Mervyn King, now Lord King of Lothbury, was the Governor of the Bank of England from 2003 to 2013. Being widely considered to have been asleep at the wheel prior to the Global Financial Crisis of 2007 -2008, he was lucky to have survived as Governor until 2013. When his luck finally ran out, it was not because of lack of diligence, it was because he upset Finance Capital, aka The City, by reminding them that they were responsible for crashing the economy. It probably didn’t help him that he had previously held discussions with the TUC – only the second Bank Governor ever to have done so.
Like Banquo’s ghost, King appears from time to haunt those who sacked him.

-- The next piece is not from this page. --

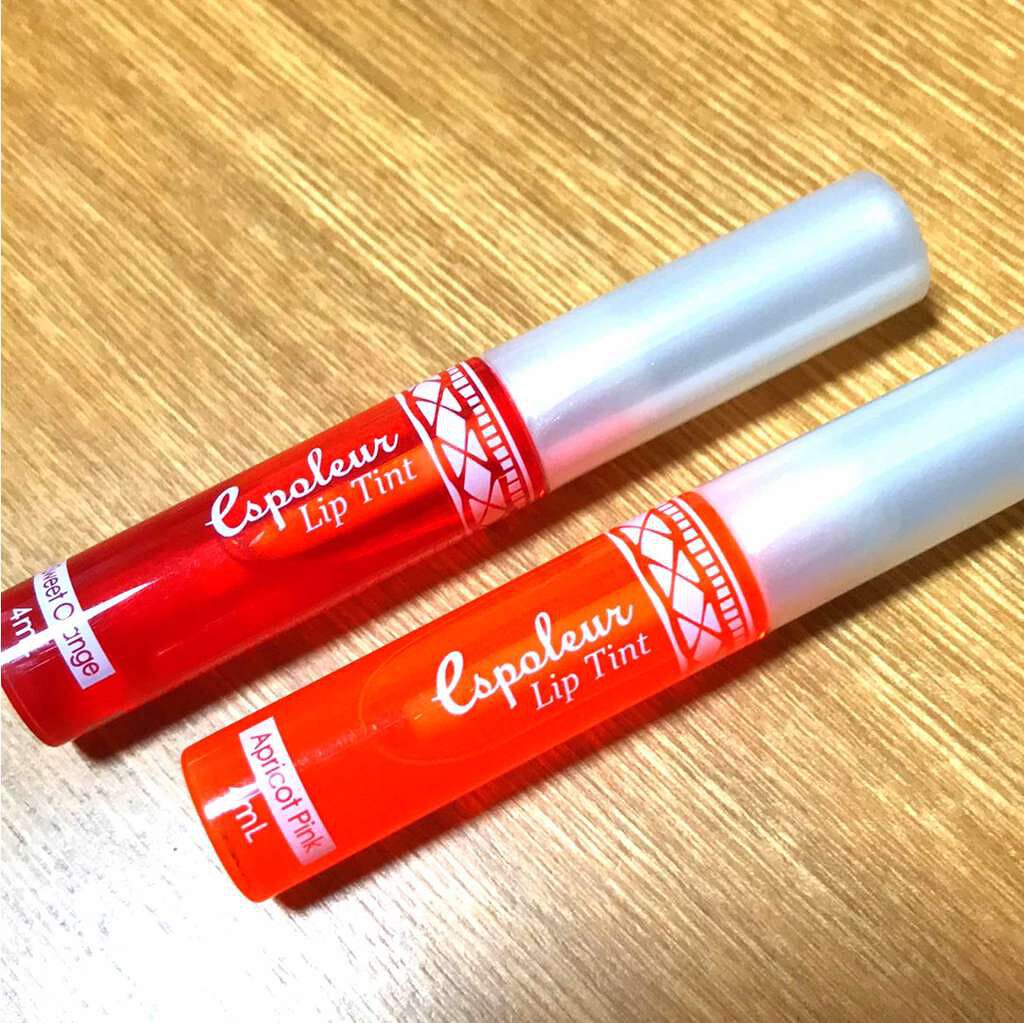 エスポルール リップティント/エスポルール/リップティントを使ったクチコミ（1枚目）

His latest emanation is an interview on Bloomberg on 20 July[i] in which he observed that central banks and their economic advisers put far too much reliance on expectations. He attributes this ‘big mistake’ to ‘groupthink’ amongst economists due to their training. The economics profession is, in his opinion, “jammed with brilliant young people”, but, unfortunately, they have, in his view, all been taught the same wrong thing: money has absolutely nothing to do with inflation.

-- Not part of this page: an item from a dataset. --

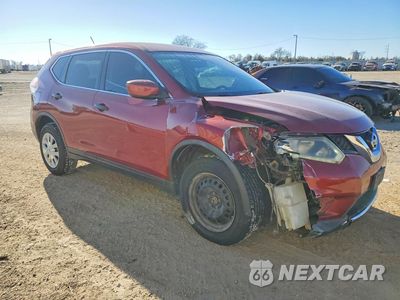 Czwarte zdjęcie samochodu z boku: 2016 NISSAN ROGUE S VIN:KNMAT2MT1GP639677 - miniatura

The shortcomings in economic education are not confined to the relationship between money supply and inflation; but King is, nevertheless, correct to draw attention to it. The relationship is, however, a complex one, probably in ways even he doesn’t appreciate. According to Banks and Banking[ii], central banks can, albeit with difficulty, manage the rate of inflation by seeking to influence the amount of money created by commercial banks (and by creating it themselves with Quantitative Easing) – but only if they take into account the surplus value created by commodity production. The amount of capital diverted into speculative investment (termed by Marxist economists ‘Fictitious Capital’) also has an effect. The economics of this are analysed in the current edition of Communist Review[iii] where it is argued that the proportion of capital diverted into Fictitious Capital depends only on the rate of increases in productivity and wages in commodity producing sector of the economy less the rate of increase in the money supply.
Unfortunately, there are other, even more critical shortcomings in what is now taught as ‘economics’ in our universities. The subject is largely confined to neoclassical economics. The key assumption behind this branch of economics is that markets are generally in a state of equilibrium, well informed and therefore can be relied on to give the correct signals. This is seldom the case. Equally misleading is the core belief that the absence of barriers to market entry will ensure the welfare of everyone, regardless of any distributional consequences. Forms of monopoly exploitation other than those due to market share are largely ignored. Bolted on to this rickety framework is a hefty dose of maths-based financial economics that assumes that financial markets are close to perfect but still susceptible to arbitrage, enabling financial derivatives to be traded profitably by those with access to the best algorithms. This same approach supposedly enables appropriate charges made for the capital employed in public services. Some residual awareness of quasi-rational economics may still be taught, but class analysis and Marx’s Labour Theory of Value (LTV) are both ignored or, in the case of LTV, dismissed on the specious grounds of internal inconsistency[iv].
If to change the world we must first understand it, it is to be regretted that so many “brilliant young people” trained as professional economists are denied, by their training, the tools to do so.
References
[i] https://omny.fm/shows/merryn-talks-money/mervyn-king-says-the-bank-of-england-is-making-a-b/embed?style=artwork
[ii] Banks and Banking, a Discussion Paper by the Political Economy Commission of the Communist Party, January 2022. Available at https://shop.communistparty.org.uk/?q=pamphlets/banks-banking
[iii] Fictitious Capital, Communist Review 107, Spring 2023.
[iv] Reclaiming Marx’s “Capital”, Andrew Kliman, Lexington Books,2007.